Vendredi, le Kremlin a également indiqué avoir chargé le Premier ministre Dmitri Medvedev et la présidente de la banque centrale Elvira Nabioullina d’élaborer d’ici au 15 juillet un « plan d’action » pour renforcer nettement la part des investissements dans une économie encore dépendante aux hydrocarbures. Si en 2017, les investissements ont augmenté de 4,4 % selon l’agence de statistiques Rosstat, cette hausse a été notamment portée par de grands projets temporaires comme le pont en construction vers la Crimée ou la Coupe du monde de football.

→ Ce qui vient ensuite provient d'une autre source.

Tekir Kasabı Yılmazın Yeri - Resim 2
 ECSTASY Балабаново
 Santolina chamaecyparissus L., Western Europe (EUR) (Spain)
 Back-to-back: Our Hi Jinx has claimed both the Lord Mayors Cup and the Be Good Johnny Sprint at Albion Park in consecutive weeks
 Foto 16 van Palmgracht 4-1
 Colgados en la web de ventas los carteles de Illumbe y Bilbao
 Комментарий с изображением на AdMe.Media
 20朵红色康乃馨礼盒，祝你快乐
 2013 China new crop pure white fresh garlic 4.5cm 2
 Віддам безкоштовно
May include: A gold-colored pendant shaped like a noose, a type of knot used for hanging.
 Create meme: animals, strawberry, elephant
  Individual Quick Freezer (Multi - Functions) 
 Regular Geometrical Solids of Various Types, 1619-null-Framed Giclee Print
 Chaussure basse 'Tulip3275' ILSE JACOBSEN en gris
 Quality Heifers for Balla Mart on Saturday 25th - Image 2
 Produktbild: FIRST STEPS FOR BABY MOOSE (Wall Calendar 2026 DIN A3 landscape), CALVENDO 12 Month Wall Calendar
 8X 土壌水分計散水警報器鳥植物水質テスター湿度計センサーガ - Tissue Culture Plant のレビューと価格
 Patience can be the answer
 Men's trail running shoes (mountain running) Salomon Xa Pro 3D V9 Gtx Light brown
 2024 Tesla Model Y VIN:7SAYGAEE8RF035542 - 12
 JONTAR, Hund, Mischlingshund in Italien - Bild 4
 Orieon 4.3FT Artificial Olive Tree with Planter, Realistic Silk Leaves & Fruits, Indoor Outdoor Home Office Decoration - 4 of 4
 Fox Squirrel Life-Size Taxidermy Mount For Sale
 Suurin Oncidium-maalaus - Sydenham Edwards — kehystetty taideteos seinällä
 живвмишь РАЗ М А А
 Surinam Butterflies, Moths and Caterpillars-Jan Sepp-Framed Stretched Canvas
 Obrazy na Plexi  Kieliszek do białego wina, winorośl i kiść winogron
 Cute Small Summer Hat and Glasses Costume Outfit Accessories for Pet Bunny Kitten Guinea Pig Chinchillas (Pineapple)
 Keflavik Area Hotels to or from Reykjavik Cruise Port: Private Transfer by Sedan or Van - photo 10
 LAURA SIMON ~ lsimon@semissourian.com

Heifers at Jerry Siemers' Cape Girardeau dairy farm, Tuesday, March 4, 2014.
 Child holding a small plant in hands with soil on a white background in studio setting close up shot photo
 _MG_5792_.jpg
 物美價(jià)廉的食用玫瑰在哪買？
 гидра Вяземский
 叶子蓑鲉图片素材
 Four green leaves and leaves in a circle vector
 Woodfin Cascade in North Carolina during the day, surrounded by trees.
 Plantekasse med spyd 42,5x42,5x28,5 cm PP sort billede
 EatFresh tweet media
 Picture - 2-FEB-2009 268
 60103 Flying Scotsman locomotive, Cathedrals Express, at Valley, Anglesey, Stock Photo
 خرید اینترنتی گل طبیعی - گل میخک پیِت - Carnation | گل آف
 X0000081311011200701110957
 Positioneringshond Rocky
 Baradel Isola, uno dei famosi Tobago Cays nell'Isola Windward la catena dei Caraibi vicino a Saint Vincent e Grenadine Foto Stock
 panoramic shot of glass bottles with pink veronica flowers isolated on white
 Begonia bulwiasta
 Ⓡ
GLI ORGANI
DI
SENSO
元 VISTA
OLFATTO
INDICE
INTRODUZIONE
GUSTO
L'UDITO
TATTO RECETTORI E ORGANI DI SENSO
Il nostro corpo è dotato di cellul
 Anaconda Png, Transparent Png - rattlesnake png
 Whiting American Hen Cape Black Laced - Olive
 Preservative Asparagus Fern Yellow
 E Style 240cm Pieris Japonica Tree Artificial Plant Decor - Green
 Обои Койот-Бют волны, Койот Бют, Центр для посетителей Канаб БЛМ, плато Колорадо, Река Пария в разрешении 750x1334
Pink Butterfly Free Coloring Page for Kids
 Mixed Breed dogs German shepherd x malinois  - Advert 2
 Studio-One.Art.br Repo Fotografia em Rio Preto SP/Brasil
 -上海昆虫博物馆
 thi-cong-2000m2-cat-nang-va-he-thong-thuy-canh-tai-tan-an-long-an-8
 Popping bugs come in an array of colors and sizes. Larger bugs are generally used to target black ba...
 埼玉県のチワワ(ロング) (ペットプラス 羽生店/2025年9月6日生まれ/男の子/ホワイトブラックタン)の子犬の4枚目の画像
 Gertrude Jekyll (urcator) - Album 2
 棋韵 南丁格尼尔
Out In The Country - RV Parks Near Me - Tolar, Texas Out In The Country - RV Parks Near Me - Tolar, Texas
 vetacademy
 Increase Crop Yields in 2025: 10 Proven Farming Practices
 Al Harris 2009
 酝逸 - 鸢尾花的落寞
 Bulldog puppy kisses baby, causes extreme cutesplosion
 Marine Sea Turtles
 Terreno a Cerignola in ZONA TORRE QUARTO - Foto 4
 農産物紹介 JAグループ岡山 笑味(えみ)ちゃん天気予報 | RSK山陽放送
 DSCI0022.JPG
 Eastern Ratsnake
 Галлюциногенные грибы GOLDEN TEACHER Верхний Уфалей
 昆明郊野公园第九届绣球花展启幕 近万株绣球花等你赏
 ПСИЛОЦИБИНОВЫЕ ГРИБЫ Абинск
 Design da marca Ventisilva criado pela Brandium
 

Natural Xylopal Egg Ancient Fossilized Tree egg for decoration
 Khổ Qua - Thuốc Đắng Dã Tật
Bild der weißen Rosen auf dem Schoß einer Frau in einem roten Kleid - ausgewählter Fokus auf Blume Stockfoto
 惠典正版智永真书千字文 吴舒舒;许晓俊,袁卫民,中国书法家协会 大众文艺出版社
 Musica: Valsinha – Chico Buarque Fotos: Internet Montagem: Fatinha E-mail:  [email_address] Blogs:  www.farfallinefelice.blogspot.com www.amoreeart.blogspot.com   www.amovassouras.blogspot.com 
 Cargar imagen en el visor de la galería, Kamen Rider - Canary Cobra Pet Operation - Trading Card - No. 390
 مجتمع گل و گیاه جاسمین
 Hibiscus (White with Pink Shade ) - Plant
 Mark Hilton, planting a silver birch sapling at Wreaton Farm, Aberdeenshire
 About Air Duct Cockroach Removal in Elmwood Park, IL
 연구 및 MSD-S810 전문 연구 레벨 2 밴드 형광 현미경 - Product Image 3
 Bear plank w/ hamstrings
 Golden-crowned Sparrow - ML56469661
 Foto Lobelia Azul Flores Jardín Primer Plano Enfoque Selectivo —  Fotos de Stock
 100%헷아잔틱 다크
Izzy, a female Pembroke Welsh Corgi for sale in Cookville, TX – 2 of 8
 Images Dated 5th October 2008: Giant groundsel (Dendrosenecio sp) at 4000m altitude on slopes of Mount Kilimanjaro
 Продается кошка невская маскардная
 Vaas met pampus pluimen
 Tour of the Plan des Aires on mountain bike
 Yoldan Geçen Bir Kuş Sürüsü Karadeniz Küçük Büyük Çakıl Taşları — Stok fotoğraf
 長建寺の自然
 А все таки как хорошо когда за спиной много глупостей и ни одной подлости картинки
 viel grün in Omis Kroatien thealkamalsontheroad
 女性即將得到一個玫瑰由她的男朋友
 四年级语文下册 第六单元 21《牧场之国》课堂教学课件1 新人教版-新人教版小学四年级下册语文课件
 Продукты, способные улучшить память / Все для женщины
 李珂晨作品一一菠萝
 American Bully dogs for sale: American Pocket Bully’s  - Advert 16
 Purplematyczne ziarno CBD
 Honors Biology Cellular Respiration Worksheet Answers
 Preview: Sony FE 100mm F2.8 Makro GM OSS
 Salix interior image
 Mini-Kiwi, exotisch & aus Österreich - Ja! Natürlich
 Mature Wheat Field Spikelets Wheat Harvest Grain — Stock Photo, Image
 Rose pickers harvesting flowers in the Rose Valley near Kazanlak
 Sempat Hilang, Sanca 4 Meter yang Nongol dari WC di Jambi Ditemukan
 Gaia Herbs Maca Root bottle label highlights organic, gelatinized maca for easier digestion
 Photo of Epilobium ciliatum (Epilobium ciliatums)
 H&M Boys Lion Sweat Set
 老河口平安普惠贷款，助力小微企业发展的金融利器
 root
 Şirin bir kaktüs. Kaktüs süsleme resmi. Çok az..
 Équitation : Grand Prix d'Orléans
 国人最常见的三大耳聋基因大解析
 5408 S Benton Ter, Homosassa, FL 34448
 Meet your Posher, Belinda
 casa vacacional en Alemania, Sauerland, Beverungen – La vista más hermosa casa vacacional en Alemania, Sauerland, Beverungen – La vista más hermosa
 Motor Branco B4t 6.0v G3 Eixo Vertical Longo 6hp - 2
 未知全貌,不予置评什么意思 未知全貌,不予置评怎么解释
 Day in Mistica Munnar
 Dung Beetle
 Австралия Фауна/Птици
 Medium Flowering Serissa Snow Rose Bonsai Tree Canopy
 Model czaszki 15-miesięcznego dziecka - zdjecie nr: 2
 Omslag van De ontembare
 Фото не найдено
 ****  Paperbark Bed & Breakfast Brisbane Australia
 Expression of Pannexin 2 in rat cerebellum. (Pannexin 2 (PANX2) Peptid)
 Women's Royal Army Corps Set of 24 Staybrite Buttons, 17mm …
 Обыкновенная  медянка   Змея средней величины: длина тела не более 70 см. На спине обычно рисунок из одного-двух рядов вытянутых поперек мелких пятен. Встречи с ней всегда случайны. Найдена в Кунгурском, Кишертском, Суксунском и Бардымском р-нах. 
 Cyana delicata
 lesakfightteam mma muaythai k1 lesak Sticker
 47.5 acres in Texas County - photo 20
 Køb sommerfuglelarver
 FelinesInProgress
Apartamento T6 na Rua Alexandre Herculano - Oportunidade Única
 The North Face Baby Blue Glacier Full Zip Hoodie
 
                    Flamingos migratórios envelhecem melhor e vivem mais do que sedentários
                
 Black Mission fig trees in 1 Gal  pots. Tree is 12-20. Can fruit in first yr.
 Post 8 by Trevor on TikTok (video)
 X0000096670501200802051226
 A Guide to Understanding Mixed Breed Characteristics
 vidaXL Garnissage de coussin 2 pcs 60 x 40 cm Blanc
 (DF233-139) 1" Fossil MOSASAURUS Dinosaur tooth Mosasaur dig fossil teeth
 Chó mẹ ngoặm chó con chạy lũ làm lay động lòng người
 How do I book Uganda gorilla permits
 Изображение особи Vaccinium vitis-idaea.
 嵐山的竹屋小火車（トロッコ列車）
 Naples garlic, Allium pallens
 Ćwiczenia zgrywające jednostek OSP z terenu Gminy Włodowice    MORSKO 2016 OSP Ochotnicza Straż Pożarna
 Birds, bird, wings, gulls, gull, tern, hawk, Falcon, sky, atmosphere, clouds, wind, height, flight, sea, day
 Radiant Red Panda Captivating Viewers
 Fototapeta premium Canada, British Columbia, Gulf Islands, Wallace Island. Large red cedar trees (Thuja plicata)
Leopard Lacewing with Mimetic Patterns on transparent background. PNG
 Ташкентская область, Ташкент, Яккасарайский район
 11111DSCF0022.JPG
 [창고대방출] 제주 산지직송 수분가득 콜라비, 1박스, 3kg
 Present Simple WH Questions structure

Une économie dépendante des hydrocarbures
Malgré les promesses récurrentes du pouvoir, rien n’y fait. La Russie, riche de réserves gigantesques d’hydrocarbures, reste soumise aux fluctuations de leurs prix, comme l’a montré la crise de 2015-2016. « C’est clairement négatif pour les perspectives de croissance », selon la banque Alfa. Pour se défaire de cette dépendance, Chris Weafer suggère de miser sur l’entrepreneuriat et les petites entreprises en rendant les crédits « plus abordables et facilement accessibles ». Il incite également à investir dans la robotique, les technologies « intelligentes » et l’intelligence artificielle. Lev Jakobson, professeur à la Haute École d’économie de Moscou, cite de son côté comme piste à suivre l’exemple de « la croissance impressionnante de la productivité du secteur agricole », qui bat des records de récoltes et d’exportations ces dernières années.
Une productivité faible
« L’économie est très inefficace. C’est dû à l’héritage du système soviétique et à la croissance facile provenant de la richesse pétrolière dans les années 2000-2013 », estime Chris Weafer. « Il y a beaucoup d’inefficacités dans le système qui, si elles sont corrigées, pourraient conduire à une forte croissance ». Il cite l’exemple du secteur pétrolier qui, contraint par la crise, a augmenté sa production quotidienne d’en moyenne 740 000 barils par jour entre août 2014 et novembre 2016 : « L’industrie a été obligée de devenir plus efficace et innovante ». Pour moderniser les grandes entreprises, le gouvernement a lancé plusieurs plans de privatisation, mais la part de l’État dans l’économie a encore été renforcée ces dernières années par un capitalisme d’État triomphant qui a vu notamment le pétrolier Rosneft grossir considérablement.